The new memos also show waterboarding was used "with far greater frequency than initially indicated" to even those in the CIA.

Abu Zubaydah was water boarded at least 83 times and Khalid Sheikh Mohamed at least 183 times.

Former CIA Officer John Kiriakou Says Waterboarding is Torture

That contradicts what former CIA officer John Kiriakou, who led the Zubaydah capture team, told ABC News in 2007 when he first revealed publicly that waterboarding had been used.

He said then, based on top secret reports he had access to, that Zubaydah had only been water boarded once and then freely talked.

Kiriakou now says he too was stunned to learn how often Zubaydah was waterboarded, in what Kiriakou says was clearly torture.

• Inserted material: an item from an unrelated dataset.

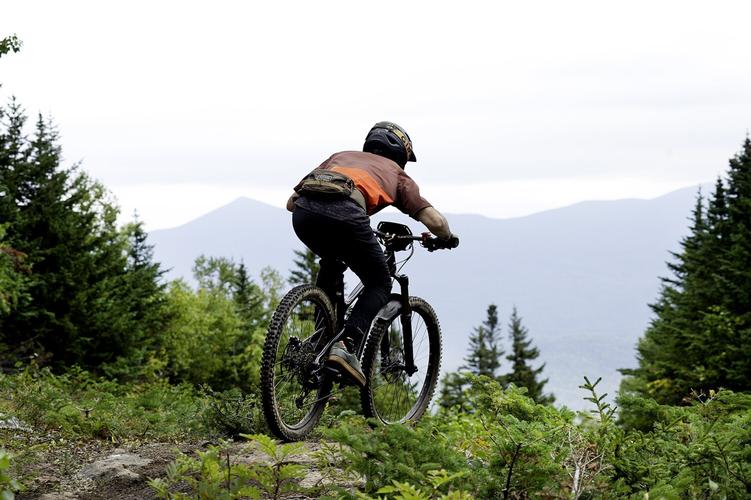 25 New Biking Trails Likely Coming to This Picturesque Maine Town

"When I spoke to ABC News in December 2007 I was aware of Abu Zubaydah being waterboarded on one occasion," said Kiriakou. "It was after this one occasion that he revealed information related to a planned terrorist attack. As I said in the original interview, my information was second-hand. I never participated in the use of enhanced techniques on Abu Zubaydah or on any other prisoner, nor did I witness the use of such techniques."

A federal judge in New York is currently considering whether or not to make public the written logs of the interrogation sessions.

The tapes were destroyed by the CIA, but the written logs still exist, although the CIA is fighting their release.

A CIA spokesperson declined to comment for this report, except to note that the agency's terrorist interrogation program was guided by legal opinions from the Department of Justice.